**** Data shown

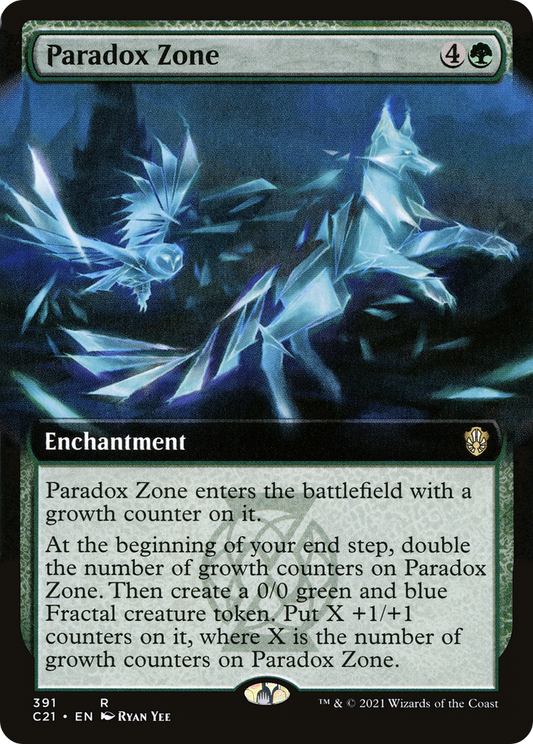 Paradox Zone (C21-391) (Extended Art)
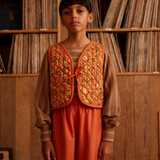 Roberta Jersey LS Top - Kanna Stripe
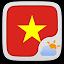 Vietnamese Language GOWeather icon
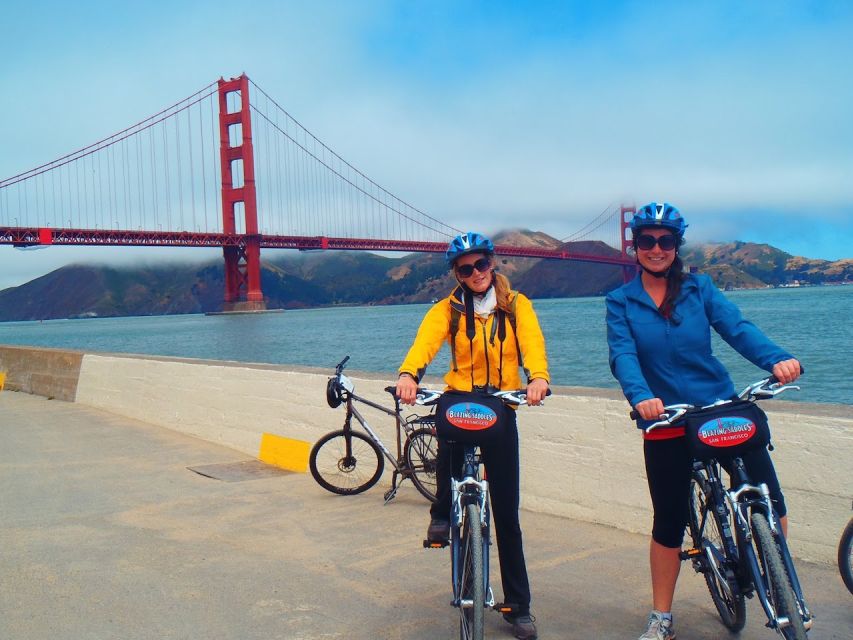 Golden Gate Bridge: Electric Bike Guided Tour to Sausalito - Exploring Sausalito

********

■ **Goal of the exercise**: The expected answer consists solely of the lines from the one with "Vietnamese Language GOWeather icon" through the last line of the listing above, restated exactly, minus any pictures.

■ **Written solution**:
 Vietnamese Language GOWeather icon
 Golden Gate Bridge: Electric Bike Guided Tour to Sausalito - Exploring Sausalito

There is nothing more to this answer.